I have been fortunate (twice) to see the best rock and roll band that ever strutted the planet, the Rolling Stones, in concert.
The first time, 16th July 1990, at Cardiff Arms Park, was possible only because the band had to cancel a few Wembley gigs due to Keith Richards’s injured hand, meaning they threw on the Cardiff gigs. I happened to be back in the UK and jumped at the chance.
The second time, last Weds, only happened because their initial date in March was postponed due to the sudden death of Mick Jagger’s partner.
I had tickets but had sold them to a friend as the date clashed with something I could not get out of. The rescheduling allowed me to see them for a second time last week.
No more Bill Wyman, but they did bring on Mick Taylor (at 65, the youngest of them, although he did not look it, having been their guitarist before Wood from the death of Brian Jones in 1969 up to 1974). Some say Taylor was the best guitarist to have ever played with them. Judging by this performance, his effortless blues riffs were incredible, and a stand out of the night.

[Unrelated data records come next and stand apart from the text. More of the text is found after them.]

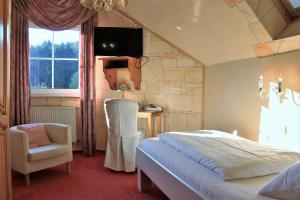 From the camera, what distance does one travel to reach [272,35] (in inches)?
109

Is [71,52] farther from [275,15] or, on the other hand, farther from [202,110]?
[275,15]

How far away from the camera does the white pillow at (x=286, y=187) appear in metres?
1.31

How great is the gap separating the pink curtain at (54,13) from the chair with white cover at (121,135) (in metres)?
1.57

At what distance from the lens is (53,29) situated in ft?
14.2

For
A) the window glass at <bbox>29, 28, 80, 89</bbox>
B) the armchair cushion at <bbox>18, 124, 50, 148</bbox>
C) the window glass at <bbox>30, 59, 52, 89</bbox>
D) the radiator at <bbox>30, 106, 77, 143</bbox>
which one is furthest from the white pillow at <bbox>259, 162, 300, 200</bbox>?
the window glass at <bbox>30, 59, 52, 89</bbox>

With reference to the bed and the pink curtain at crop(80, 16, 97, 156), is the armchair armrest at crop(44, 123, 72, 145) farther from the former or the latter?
the bed

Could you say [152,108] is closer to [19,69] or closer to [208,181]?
[19,69]

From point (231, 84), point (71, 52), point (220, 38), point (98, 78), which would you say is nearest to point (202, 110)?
point (231, 84)

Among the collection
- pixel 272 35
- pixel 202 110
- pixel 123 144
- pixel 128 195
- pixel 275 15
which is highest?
pixel 275 15

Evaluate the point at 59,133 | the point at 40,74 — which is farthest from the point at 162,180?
the point at 40,74

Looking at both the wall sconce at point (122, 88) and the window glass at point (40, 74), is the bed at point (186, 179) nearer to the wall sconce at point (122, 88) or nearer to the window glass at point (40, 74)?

Considering they were fantastic 24 years ago (when they were each in their mid to late 40s), I was not expecting too much this time around, now they are in the 70’s.
But Jagger stole the show, as always, with his trademark walk-skip as he moved around the stage, running around the elongated tongue extension stage all night.
Richards sort of played in slow motion, emphasising each chord, like a modern day blacksmith.
Ronnie Wood, too cool for school with a trademark ciggie perpetually struck out to one side rebel style, slung his axe to the side making faces at the crowd.
Charlie Watts, pursed lips, thwacked away with minimal of flourish, and maximum effect. Being a drummer, I watched Watts closely.
But you couldn’t keep your eyes off Jagger. A consummate showman.
He was off for 2 songs (note to all: Keith Richards, bless his little cotton socks, is one of the worst singers you will ever pay to listen to), but when Jagger came back on, the show soared again.
How 70 year olds can be so nimble, so cool, so professional… it was inspiring stuff.
If I have half their agility at their age, I’ll be more than happy.